Un outil diplomatique au service de la paix régionale
À Brazzaville, responsables politiques et analystes s’accordent sur la portée diplomatique de ce départ. Dans une région traversée par des défis sécuritaires – du golfe de Guinée aux Grands Lacs – afficher un contingent bien formé équivaut à une carte de visite pour la diplomatie congolaise. L’expérience acquise en Centrafrique revient ensuite irriguer les académies militaires nationales, créant un cercle vertueux dont bénéficie l’ensemble des forces de défense et de sécurité.
Le discours du ministre Mondjo insiste également sur la dimension morale : « Vous porterez les couleurs du Congo, soyez-en des ambassadeurs exigeants mais modestes ». Le rappel aux règlements militaires nationaux, conjugué aux directives onusiennes contre les violences basées sur le genre, vise à garantir que le comportement individuel ne trahira pas l’effort collectif.
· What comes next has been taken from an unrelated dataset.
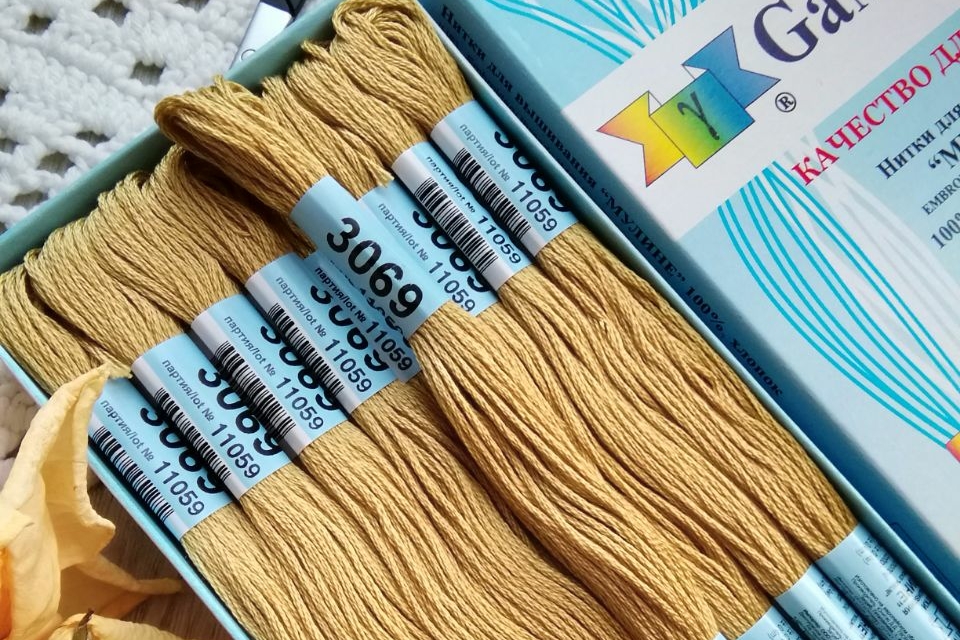 нитки мулине Гамма 3069 бежевый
Dans un contexte international plus attentif que jamais à l’éthique des Casques bleus, cette vigilance s’avère déterminante.
Les attentes d’une jeunesse congolaise tournée vers l’international
Pour nombre de jeunes adultes congolais, la projection de soldats de leur génération sur un théâtre extérieur résonne comme la preuve que les ambitions nationales peuvent s’exporter. Sur les réseaux sociaux, où la cérémonie de Kintélé a été massivement relayée, des messages d’encouragement côtoient des interrogations sur les possibilités de carrière internationale dans la police et la gendarmerie. Les autorités répondent par la promesse de poursuivre le renforcement des capacités et la professionnalisation, deux axes inscrits dans la stratégie nationale de sécurité.
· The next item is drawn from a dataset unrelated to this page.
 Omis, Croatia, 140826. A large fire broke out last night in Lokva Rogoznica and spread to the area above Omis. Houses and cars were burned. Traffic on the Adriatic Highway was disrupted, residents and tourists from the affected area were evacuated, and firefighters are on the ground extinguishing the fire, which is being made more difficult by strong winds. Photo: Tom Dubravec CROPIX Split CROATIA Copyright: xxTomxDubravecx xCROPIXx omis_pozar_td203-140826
Au-delà de l’écho patriotique, ce départ vers la Centrafrique rappelle que la stabilité de la sous-région demeure indissociable des dynamiques internes. Chaque retour d’unité est suivi d’un retour d’expérience formalisé, dont l’objectif est d’améliorer la gouvernance sécuritaire à Brazzaville, Pointe-Noire ou Dolisie. En cela, la 11e UPC n’est pas seulement un contingent de rotation ; elle devient le laboratoire où s’esquissent les compétences et les réflexes dont la jeunesse congolaise aura besoin pour répondre aux défis de demain.
Regard vers l’avenir : consolider les acquis et préparer la douzième vague
Alors que le contingent s’apprête à quitter le sol national, les préparatifs de la future UPC-12 sont déjà esquissés. Cette anticipation traduit la volonté du Congo de s’inscrire dans la durée au sein des opérations de paix. Les chantiers identifiés – amélioration des capacités linguistiques, maîtrise des drones de surveillance, renforcement du soutien psychologique au retour – témoignent d’une approche globale, nourrie par l’expérience accumulée depuis la première rotation.
Dans un monde où les menaces sécuritaires évoluent aussi vite que les technologies, Brazzaville mise sur la continuité et l’adaptation. La 11e unité part donc en Centrafrique non seulement pour assurer la protection des civils, mais aussi pour engranger des savoir-faire stratégiques qui rejailliront sur l’ensemble de la nation. Comme le souligne un officier supérieur, « faire la paix chez le voisin, c’est aussi mettre nos propres frontières à l’abri des turbulences ». La jeunesse congolaise, attentive et connectée, sera la première bénéficiaire de cette dynamique engagée vers un horizon sécuritaire partagé.